Arnoldo Ciarrocchi – Reggio Emilia, 1980
Presentazione in cat. alla Galleria Salvemini

I Catelli sono trentanove ma potrebbero essere quarantatré. Nessuno di loro può denunciare la esatta situazione anagrafica della famiglia.
C’è sempre uno zio, un cugino, una nipotina che io non conosco e che mi viene indicato da lontano con un nome che posso avere inteso anche tre o quattro volte. Gente discreta e di poche parole capace di domare un puledro, di scannare il maiale e di fondere una campana.

Vivono ai Camaldoli in una grande masseria come una grande famiglia.

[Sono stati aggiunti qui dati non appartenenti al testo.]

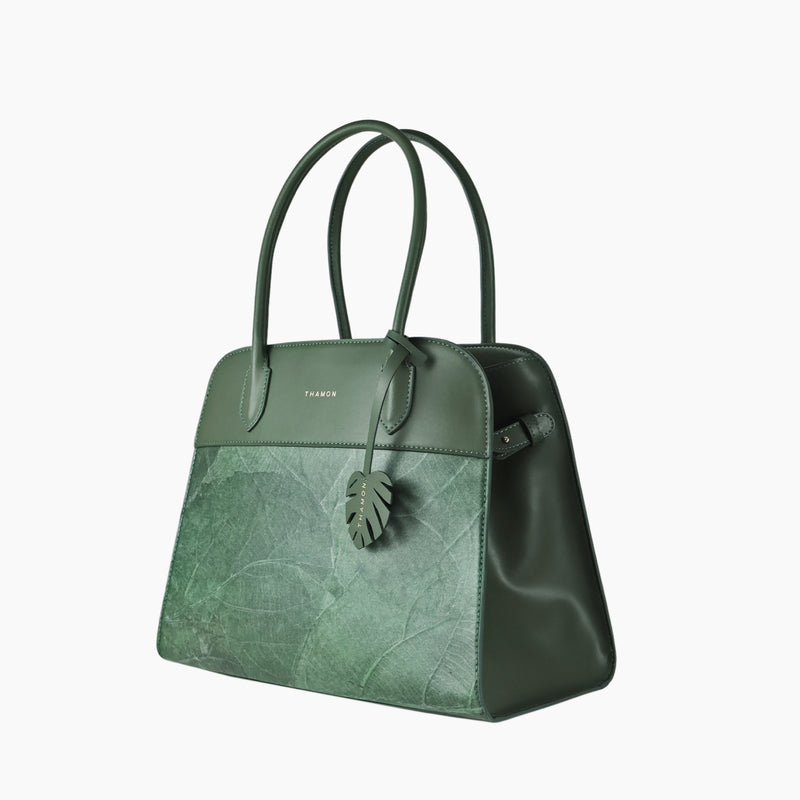 Sloane tote bag in forest green vegan leather with a pressed leaf pattern, side view showing top handles and leaf-shaped tag, featuring a structured silhouette and smooth sides.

Uno pensa alla mucca, un altro alla vigna, un terzo agli ulivi.Tutte le donne in cucina meno Virginia che dipinge. I pittori in famiglia sono tre; il più antico è morto l’anno scorso a novant’anni. Un personaggio leggendario. Di corporatura nobile come un ministro di casa reale od un pittore della Scuola di Posillipo.
Mi diceva che dipingere è come tirare l’aratro. Uno scultore: Camillo.

I Catelli guardano questo giovanotto che organizza disegni grandi come una tela di Luca Giordano con stupore. Si aspettano da lui grandi cose. Sono disegni condotti a punta di penna ma che nell’assieme sembrano una muraglia, una diga, la parete di una miniera di carbone.
E lo lasciano lavorare in pace come le api industriose. Le pratiche ENPAS, le bollette di accompagnamento, l’IVA, l’ILOR, L’ERPAF ed altre ineffabili delizie non lo devono disturbare. Perchè tutte queste cose assieme molto hanno contribuito alla decadenza delle arti ed alla morte della poesia.

A Napoli me lo fece conoscere Maria Teresa una allieva che io ricordo con affettuosa simpatia. Questo ragazzo voleva stampare una lastra incisa all’acquafòrte.

Una lastra immensa, un foglio intero di zinco da lattonieri, grande come un lago ghiacciato, lo ho una opinione precisa sulle misure della lastra incisa ma ci sono grandi pensieri e grandi denuncie che possono essere espressi solo alla “grande maniera”. Eppure è di complessione dedicata ma di fiera guardatura.
Lo si direbbe capace soltanto di tirare su bronzetti come un artefice del Rinascimento o di modellare, così come ho visto, statuine di cera di crosta sottile come quella dell’uovo.
È una infame costrizione che egli denuncia con molto garbo senza offendere nessuno.

Ai Camaldoli quando il tetto di casa è il firmamento stellato e non il pavimento dell’inquilino del piano di sopra che lascia cadere palline di legno rotolanti per la stanza, allora modella statue che toccano con la testa l’Orsa Maggiore, grandi come l’elica di un transatlantico.